Warren Buffett, âgé de 95 ans, a attiré l'attention mondiale lors de l'assemblée annuelle des actionnaires 2026 de Berkshire Hathaway à Omaha le 2 mai.
Le légendaire investisseur, désormais président du conseil d'administration après avoir quitté son poste de PDG en janvier, n'a pas retenu ses opinions.
Il a comparé le marché boursier actuel à un casino, averti que le dollar américain n'est pas à l'abri d'une inflation galopante, et expliqué pourquoi Berkshire continue de détenir une réserve de liquidités record dépassant 373 milliards de dollars.
Lors de la pause déjeuner, Buffett a comparé les marchés à « une église dotée d'un casino », traçant une ligne claire entre l'investissement traditionnel axé sur la valeur et l'engouement croissant pour le trading d'options à court terme.
Il a noté que le côté casino est devenu de plus en plus encombré. Cette observation est intervenue alors que les marchés continuent de voir une forte participation des particuliers dans des instruments spéculatifs.
Buffett a cité les options d'un jour comme exemple clair. « Si vous achetez des options d'un jour ou si vous les vendez, ce n'est pas investir, ce n'est pas de la spéculation — c'est du jeu », a-t-il déclaré.
Il a également cité un récent short squeeze porté par les mèmes dans une ancienne société de location de voitures comme preuve supplémentaire de l'état d'esprit du marché. Cet épisode a reflété la volatilité portée par les particuliers observée lors des années précédentes avec d'autres entreprises en difficulté.
Buffett a ajouté : « Nous n'avons jamais eu de personnes dans un état d'esprit aussi favorable aux jeux d'argent qu'aujourd'hui. » Cette évaluation vient d'un homme qui a été témoin de chaque grand cycle de marché des six dernières décennies. Son point de vue porte précisément du poids en raison de cette expérience.
Il a également reconnu ses propres limites dans l'environnement actuel. Buffett a dit qu'il comprend moins d'entreprises aujourd'hui, en pourcentage de l'ensemble, qu'il y a dix ans.
Il a noté que les jeunes qui ont grandi avec les nouvelles industries ont un avantage qu'il n'a plus. Cet aveu explique, en partie, pourquoi Berkshire est resté largement inactif dans le déploiement de capitaux.
Buffett a averti que les États-Unis ne sont « pas à l'abri » d'une inflation galopante, faisant référence à la période juste avant que Paul Volcker n'intervienne pour sauver le dollar.
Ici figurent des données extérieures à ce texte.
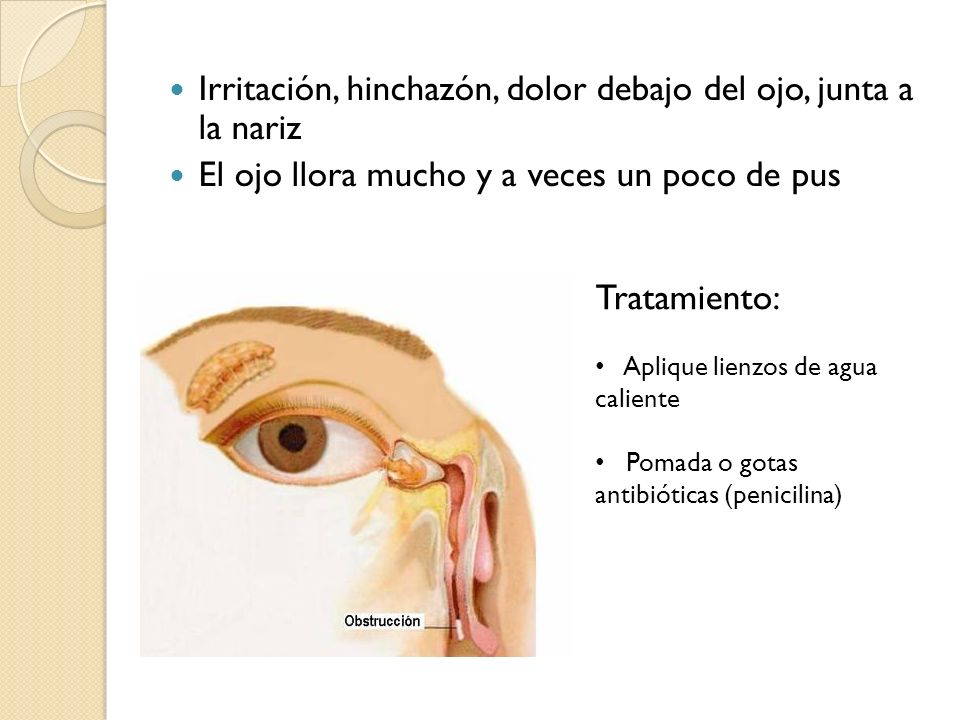 Irritación, hinchazón, dolor debajo del ojo, junta a la nariz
Il a décrit comment les Américains à cette époque empruntaient à 12 % pour investir dans des terres agricoles ne rapportant que 6 %, uniquement dans la conviction que le dollar perdrait sa valeur. Cet état d'esprit a conduit à une ruine financière généralisée dans les communautés du Nebraska.
« Les liquidités, c'est de la camelote » était la mentalité dominante à l'époque, a rappelé Buffett, notant que de grands agriculteurs du Nebraska se sont effondrés parce qu'ils ont acheté au-delà de leur capacité de gain et ont payé des taux d'intérêt que leurs rendements ne pouvaient pas supporter.
Il a dit que la perte de confiance dans une monnaie transforme un pays en quelque chose d'entièrement différent. L'avertissement a établi des parallèles clairs avec les conditions actuelles où les déficits budgétaires restent élevés.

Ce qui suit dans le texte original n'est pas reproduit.